Hull war hero brought back to life in restored 100-year-old film

One of Hull's biggest heroes has been brought back to life after a 100 year-old family film was restored in time for this year's Remembrance Day.

Private Jack Cunningham was the city's first man to be awarded the Victoria Cross - the highest and most prestigious award for gallantry - in 1916.

Jack's nephew John has been savouring the fragile film reel for decades - a memento of his uncle, who died aged just 43, from injuries he suffered at war years earlier.

John Moore, Jack's nephew Credit: ITV Calendar

"The First World War was just like a killing machine. He was very very brave, very courageous, I am very proud of him."
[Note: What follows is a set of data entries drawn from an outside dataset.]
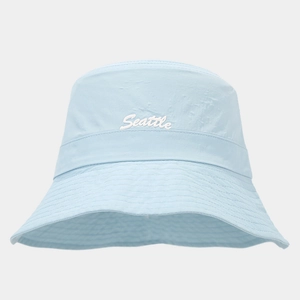 Detailed view of light blue Seattle embroidery on waterproof nylon bucket hat fabric
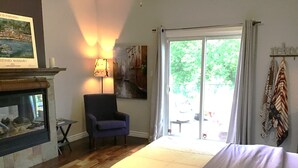 Een slaapkamer met een bed, een stoel, een open haard en een groot raam met uitzicht.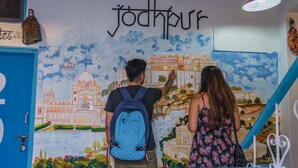 A mural with the word "jodhpur" and illustrations of buildings and landscapes. - Zostel Jodhpur - Clock Tower (Jodhpur)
After war broke out in 1914, Jack enlisted with third Hull Battalion of the East Yorkshire Regiment as a 17-year-old.

Two years later, he served in the Battle of the Somme - in which more than a million men were wounded or killed.
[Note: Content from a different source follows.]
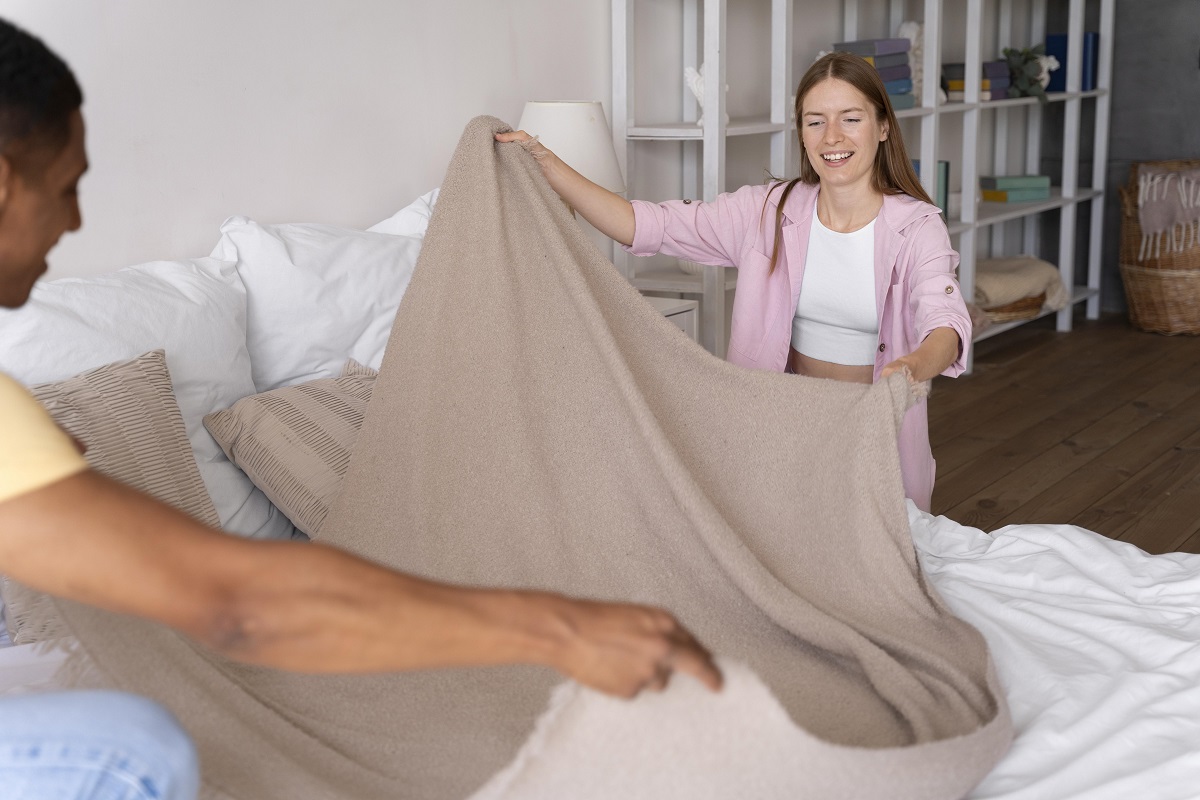 Casal arrumando roupa de cama de seu quarto Casal arrumando roupa de cama de seu quarto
On November the 13th 1916, he cleared a German communications trench single handedly - killing ten enemy soldiers in the process - after losing all of his own colleagues.
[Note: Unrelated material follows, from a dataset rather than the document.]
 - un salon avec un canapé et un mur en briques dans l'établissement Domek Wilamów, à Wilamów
It was that which saw him awarded Britain's highest military honour, the Victoria Cross, by King George the Fifth - a moment captured on film that's been stored in an unusual place ever since.

Descendants of Jack's were given a special screening of the footage at York Army Museum - within it, images of Jack's own parents and relatives, who were from the gypsy traveller community.

"It's important to share the contributions of everyone and in the first world war I think I'm right in saying over 300,000 gypsy, traveller communities volunteered - a huge contribution."

For Jack's family, the footage has shed new light on a man - whose medal they already celebrated - and now they hope this glimpse into the past can help to tell his story for future generations.